1.3 Pipelines and applications

(What are the type of tasks that are more relevant for GLAM materials and applications? List, explain, and give examples from the literature. Goal of this section: to showcase how CV has been deployed in pipelines to enable user-facing applications).

GallicaPix 2 [@moreux_dealing_2021] is an ongoing project of the BnF (French National library). It provides access to ≈ 330k images extracted from BnF's digitised sources, organised into five thematic collections. Image classification was employed to automatically enrich image metadata and enable more fine-grained means of searching and filtering (give examples for technique, fonction, genre). Moreover, four different services/models for automatic objected detection (TODO: list models) were used in order to give users the ability to search for images by semantic concepts (e.g., image of a ship, image of a soldier).
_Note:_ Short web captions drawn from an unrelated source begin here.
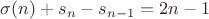 $\sigma(n)+s_n-s_{n-1}=2n-1$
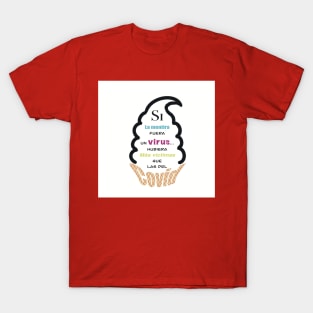 LIES &COVID SPANISH PHRASE DESIGN Coffee Mugs T-Shirts Stickers T-Shirt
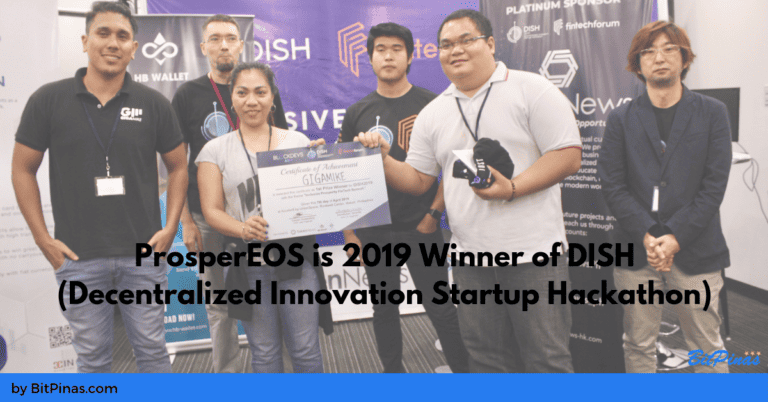 ProsperEOS is 2019 Winner of DISH (Decentralized Innovation Startup Hackathon)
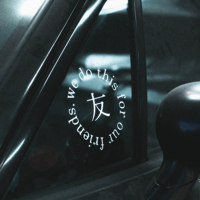 Image 2 of ⌞ "We do This for Our Friends" Vinyl Sticker⌝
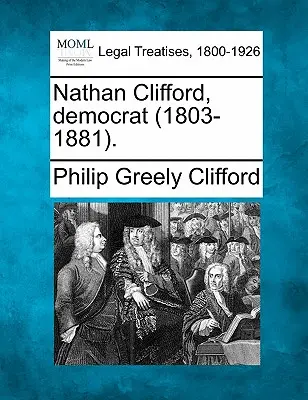 Nathan Clifford, democratico (1803-1881). - Nathan Clifford, Democrat (1803-1881).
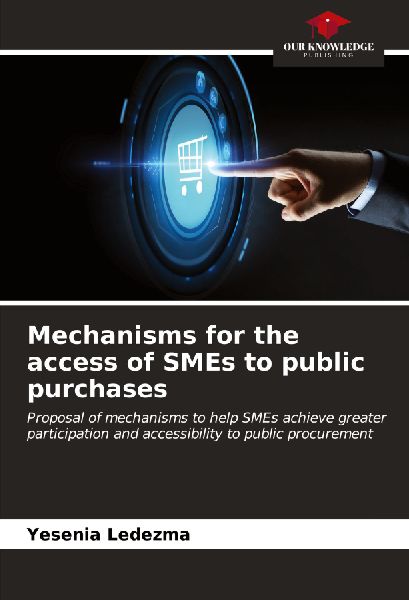 Mechanisms for the access of SMEs to public purchases: Proposal of mechanisms to help SMEs achieve greater participation and accessibility to public procurement
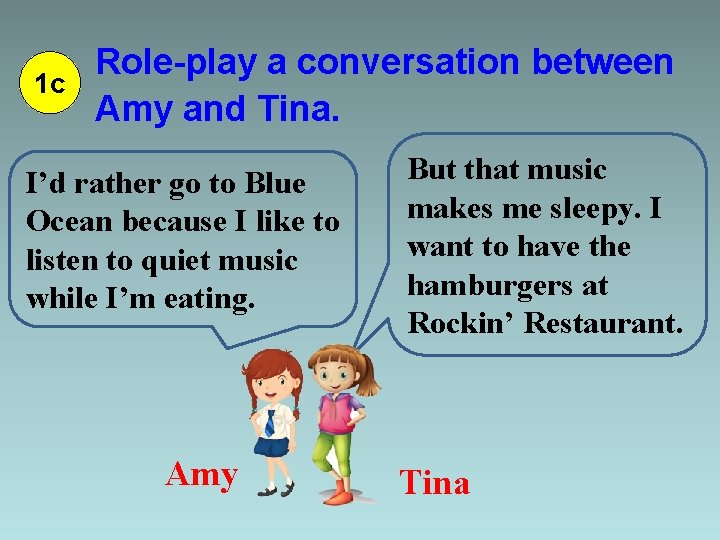 1 c Role-play a conversation between Amy and Tina. I’d rather go to Blue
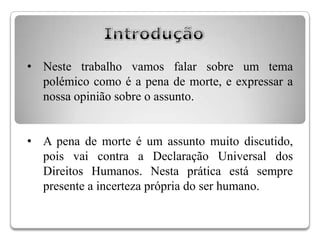 • Neste trabalho vamos falar sobre um tema
  polémico como é a pena de morte, e expressar a
  nossa opinião sobre o assunto.


• A pena de morte é um assunto muito discutido,
  pois vai contra a Declaração Universal dos
  Direitos Humanos. Nesta prática está sempre
  presente a incerteza própria do ser humano.
 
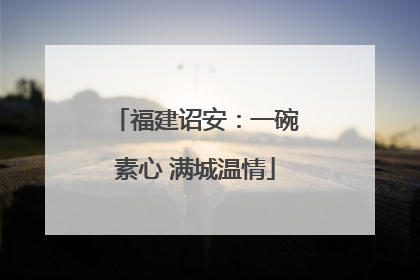 福建诏安：一碗素心 满城温情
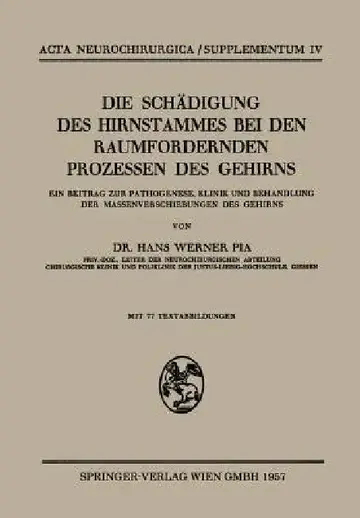 Cover of Die Schädigung Des Hirnstammes Bei Den Raumfordernden Prozessen Des Gehirns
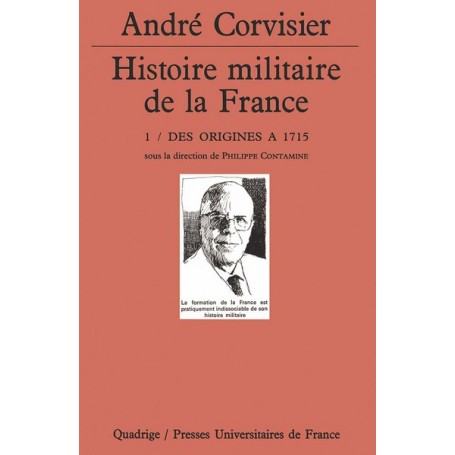 Histoire militaire de la France. Tome 1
Newspaper Navigator[^7], a project developed at the Library of Congress (LOC) [@lee_newspaper_2020], which aimed at developing a scalable pipeline to process the LOC's digitised newspaper holdings (16M of newspaper pages). Classification of visual contents according to a predefined taxonomy. (Specify what type of models they have used for image classification).

ArchiMediaL3: Enriching and linking historical architectural and urban image collections [@mager_computer_2023]. Automatic recognition and identification of buildings in collections of historic photographs. Case study focussed on Amsterdam. 400k architectural images from the Beldbank archives. Creation through crowdsourcing of an annotated dataset for this task, consisting of ~1k image pairs (crowdsourcing of annotations + manual curation). The annotations platform follows a gamification approach in order to keep contributors/annotators engaged. The dataset is used to train a CNN Siamese network to capture similarity between images, with some resiliency to e.g. age of the pictures (the learned representations are domain-invariant). Historical images are compared with a database of current images of building in order to find a matching and thus derive the geolocation (address) of the building depicted in the image.

ArtVision4: visual similarity with human-in-the-loop [@klic_linked_2023]. ArtVision deploys similarity search on top of the vast image collection of Pharos, the International Consortium of Photo Archives [@delmas-glass_fostering_2020]. When aggregating large amount of data from multiple providers, the chances of having duplicates in the aggregated collection increase, thus requiring ways of performing near duplicate detection, which is one of the applications of image similarity models/tools. The ArtVision platform allows Pharos curators to review and validate the results of automatic duplicate detection (performed using Pastec [REF]). The results returned by the CV models are modelled semantically using a combination of CIDOC-CRM and the Similarity Ontology[^8] and then ingested into a ResearchSpace instance, which supports the curation by domain experts.

Bilder der Schweiz Online (BSO)5 is a joint project between University of Zurich and SARI which aims at supporting research on the historical image of Switzerland by using a collection of images of Switzerland, namely topographical art and photography from the 18th to the early 20th century. The BSO portal [link] offers a multi-faceted semantic access to this image collection. Among its key features, the portal allows users to search images by places they depict; this is achieved by identifying landscape images with an automatic classifier, trained ad-hoc, and then geo-referencing them by using sMapshot[^6]. Another interesting functionality of this portal is the support for image search by plain text input, a functionality that exploits the capabilities of the multi-modal model CLIP.

As a sort of conclusion, highlight the importance of automatic classification, as an intermediate step of more complex pipelines. Human-in-the-loop for correction provides a good model for making use of these automatic annotations to enrich metadata of existing collections.